[Web page caption snippets]
....................

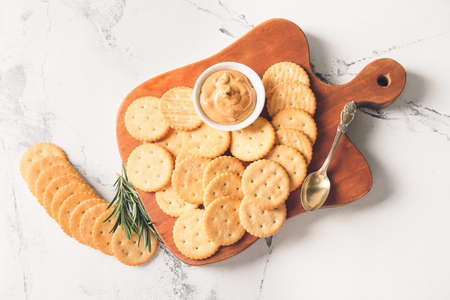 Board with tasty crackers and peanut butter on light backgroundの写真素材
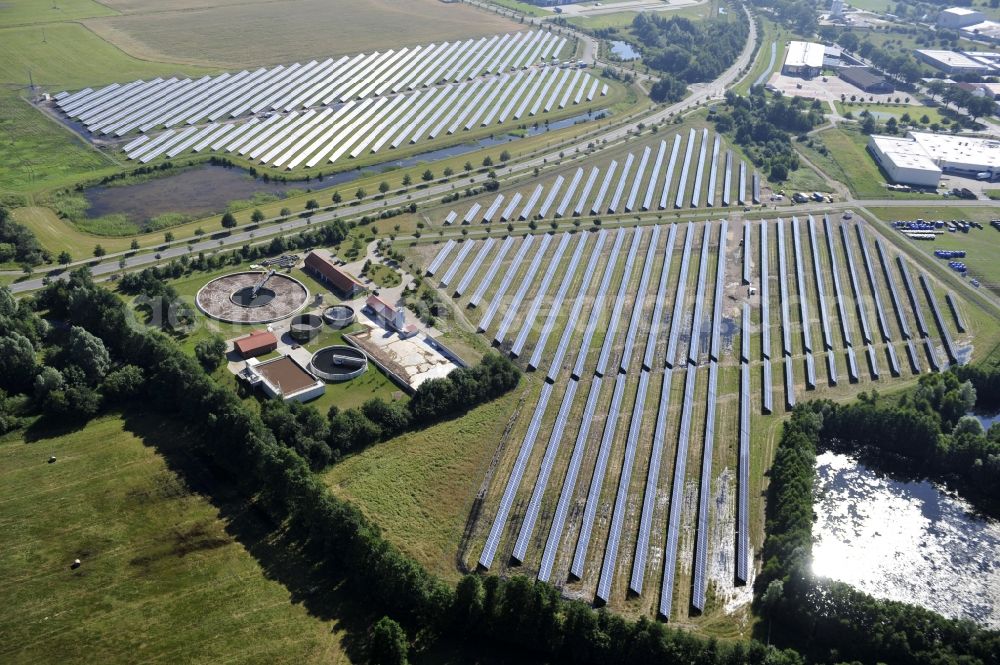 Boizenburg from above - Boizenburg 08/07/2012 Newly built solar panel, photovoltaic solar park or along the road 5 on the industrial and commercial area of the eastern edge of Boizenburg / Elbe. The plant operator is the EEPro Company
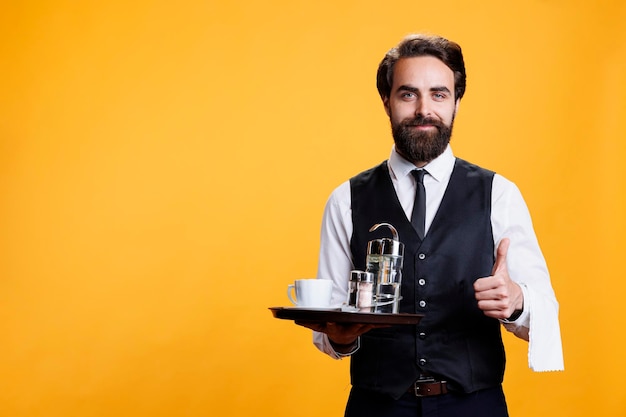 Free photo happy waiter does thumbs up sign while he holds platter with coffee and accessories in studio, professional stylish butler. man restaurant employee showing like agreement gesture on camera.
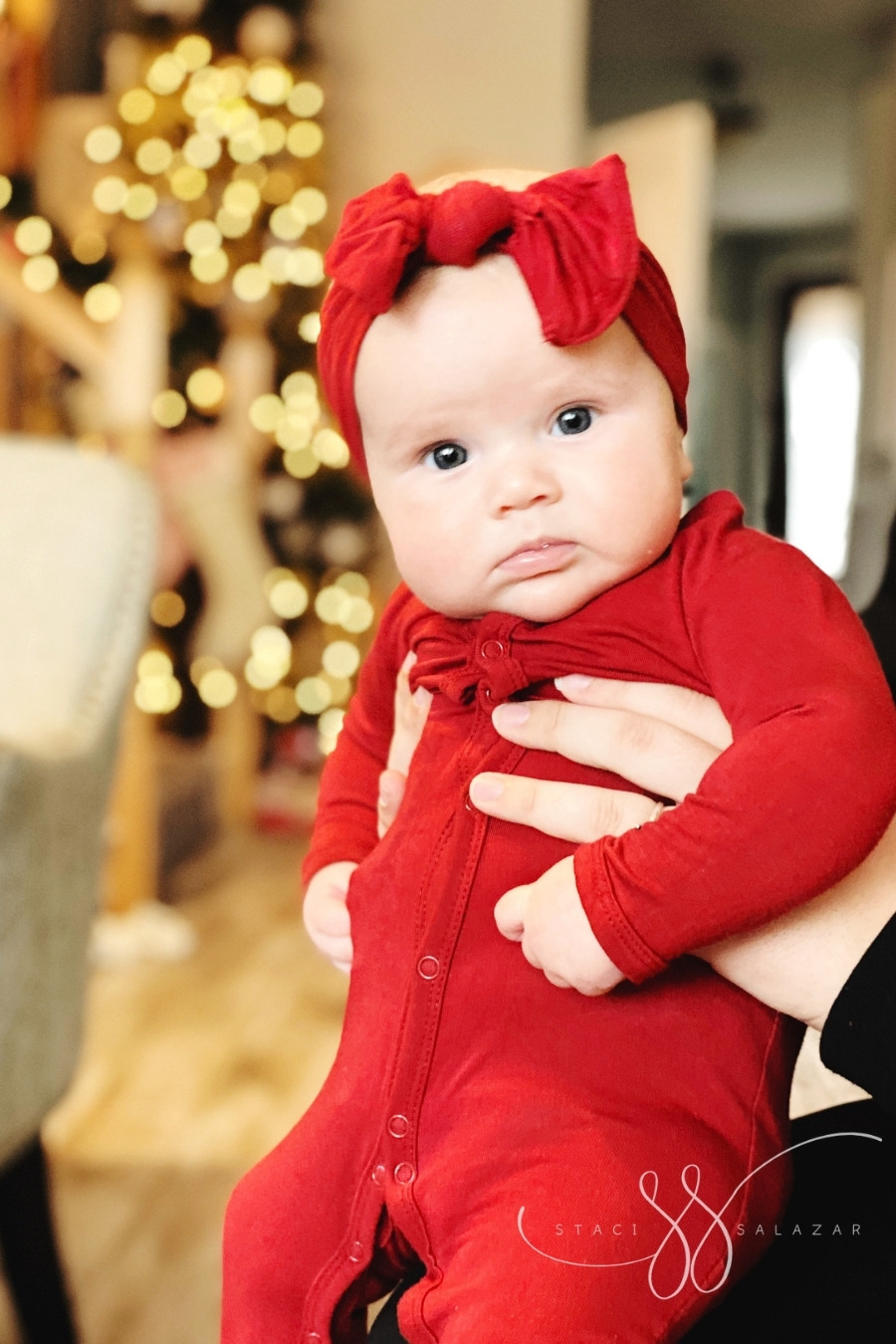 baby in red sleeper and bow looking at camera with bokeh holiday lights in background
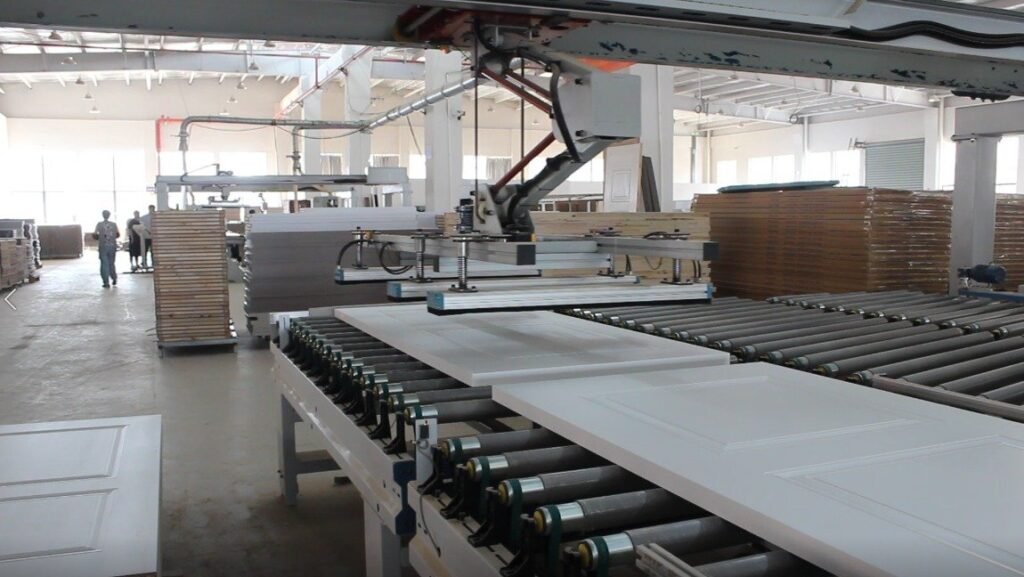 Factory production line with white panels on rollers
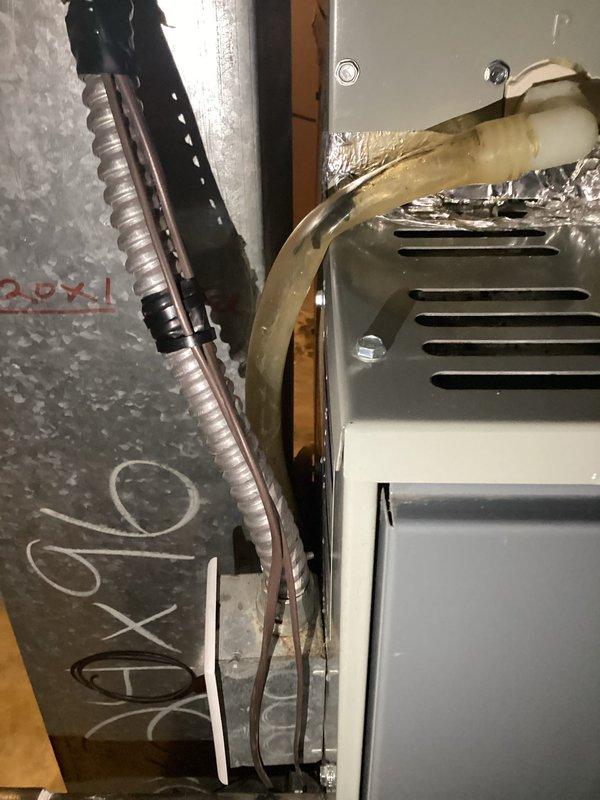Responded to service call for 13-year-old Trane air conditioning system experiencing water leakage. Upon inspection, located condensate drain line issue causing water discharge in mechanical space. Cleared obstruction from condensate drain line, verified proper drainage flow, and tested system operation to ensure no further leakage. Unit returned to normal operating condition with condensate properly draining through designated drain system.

....................

### Task statement:
The lines to be quoted run from the line containing "baby in red" through the end of the entries above, both included; quote them exactly and leave out any pictures.

### Answer for the task:
 baby in red sleeper and bow looking at camera with bokeh holiday lights in background
 Factory production line with white panels on rollers
Responded to service call for 13-year-old Trane air conditioning system experiencing water leakage. Upon inspection, located condensate drain line issue causing water discharge in mechanical space. Cleared obstruction from condensate drain line, verified proper drainage flow, and tested system operation to ensure no further leakage. Unit returned to normal operating condition with condensate properly draining through designated drain system.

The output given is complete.